== What you should do ==
Once you find the line with "ONE SHOULDER TOP GEEL" in the entries below, print it and each line after it up to and including the line with "Used 2021 Tata", exactly, without pictures.

== Records supplied ==
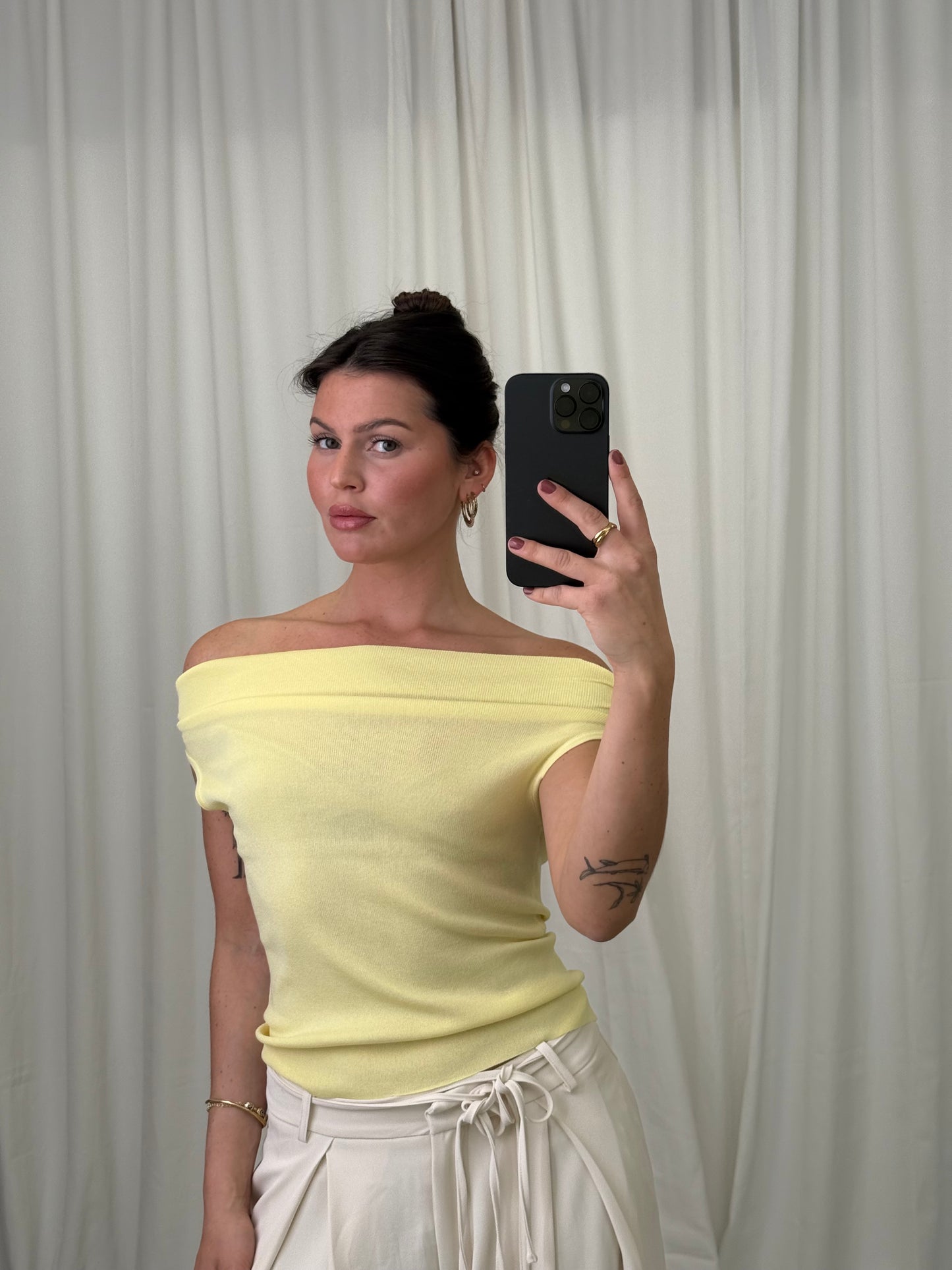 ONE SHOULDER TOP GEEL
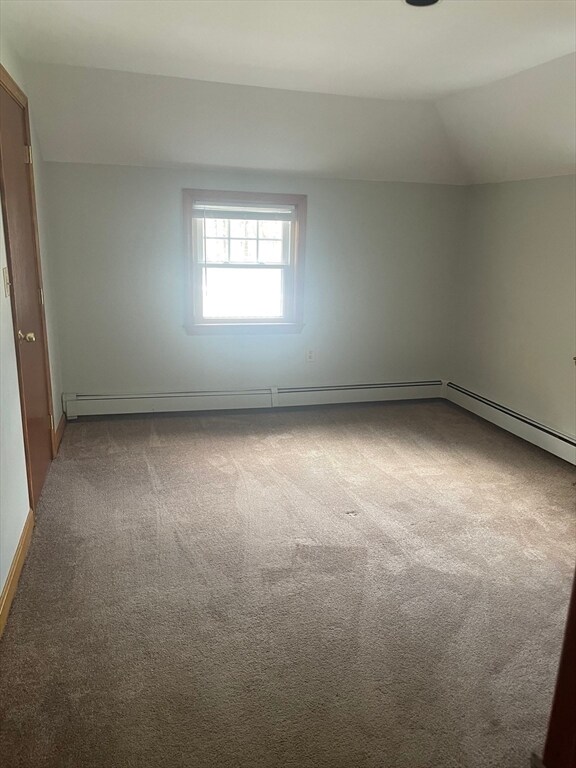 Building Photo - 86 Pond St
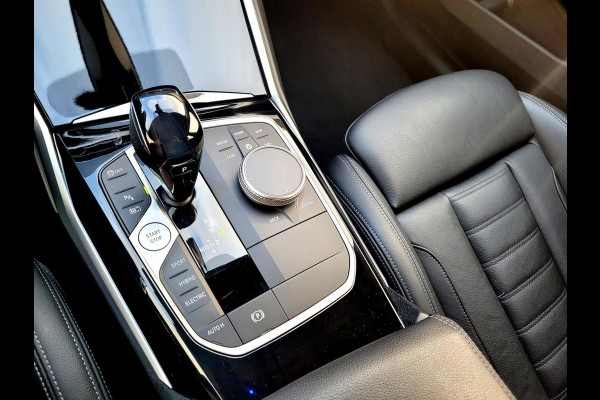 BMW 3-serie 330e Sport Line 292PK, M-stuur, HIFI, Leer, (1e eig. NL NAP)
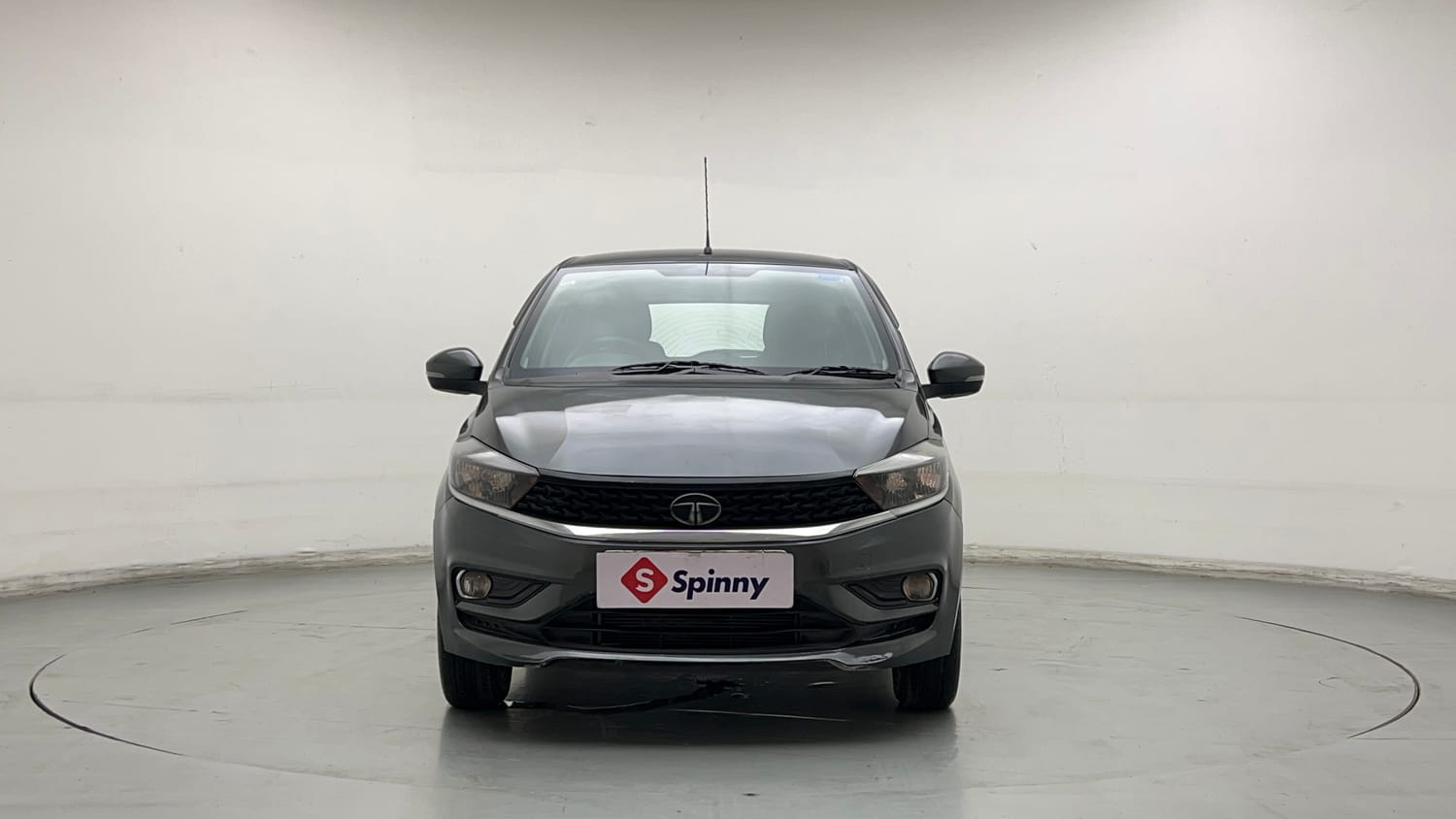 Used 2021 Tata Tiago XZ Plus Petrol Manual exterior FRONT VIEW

==

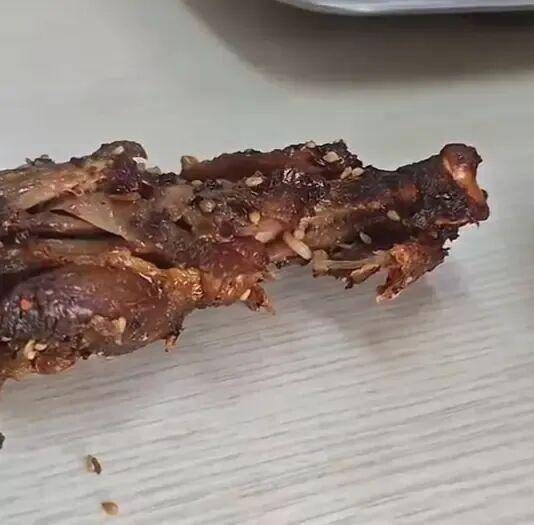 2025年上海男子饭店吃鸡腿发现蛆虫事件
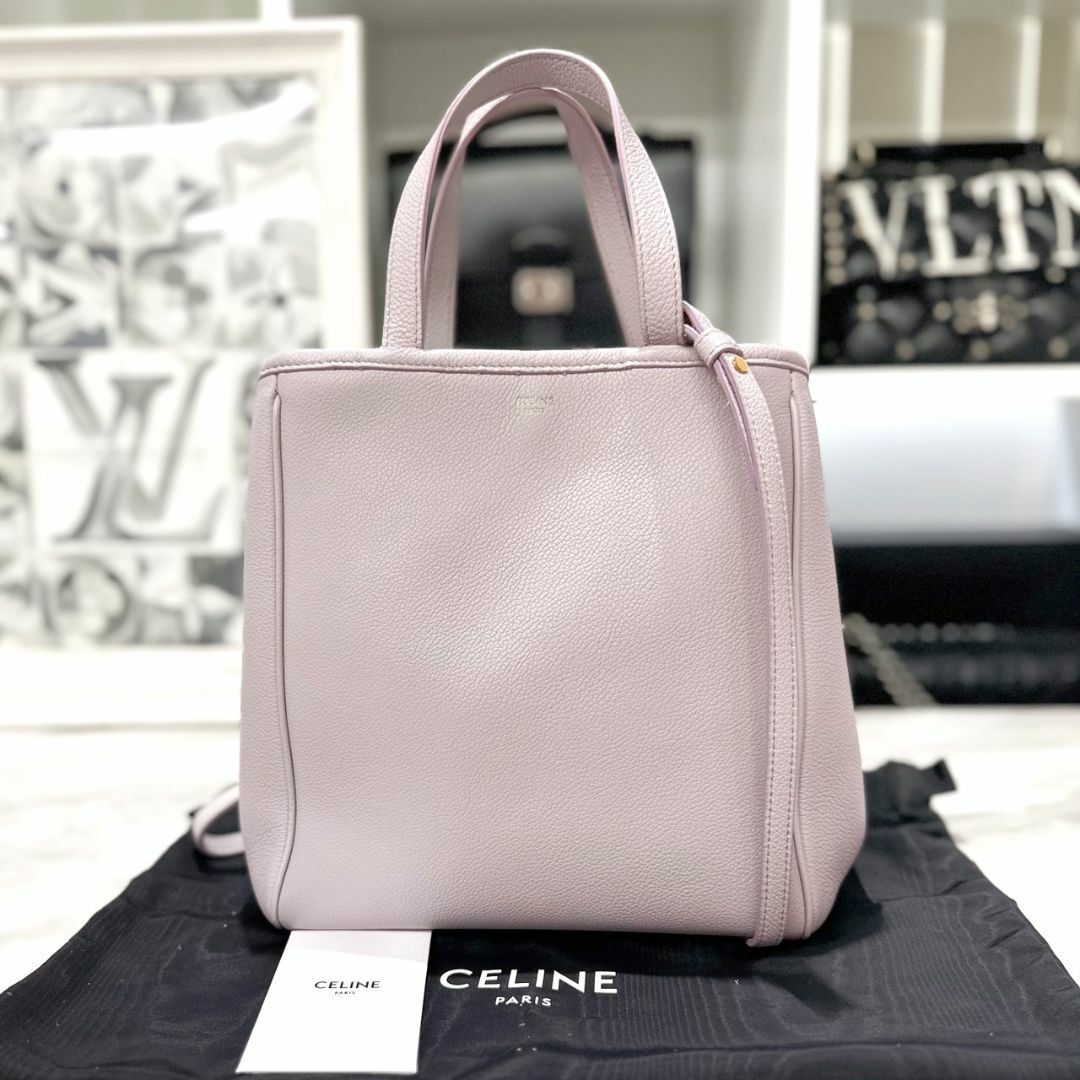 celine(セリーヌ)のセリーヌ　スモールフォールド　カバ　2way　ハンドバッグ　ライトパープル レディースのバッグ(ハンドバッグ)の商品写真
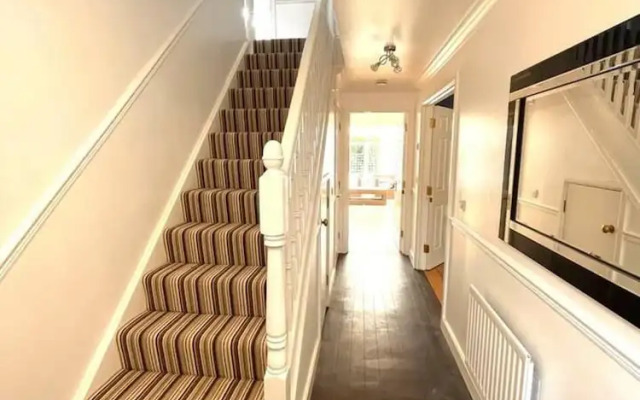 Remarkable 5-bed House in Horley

== Exercise solution ==
 ONE SHOULDER TOP GEEL
 Building Photo - 86 Pond St
 BMW 3-serie 330e Sport Line 292PK, M-stuur, HIFI, Leer, (1e eig. NL NAP)
 Used 2021 Tata Tiago XZ Plus Petrol Manual exterior FRONT VIEW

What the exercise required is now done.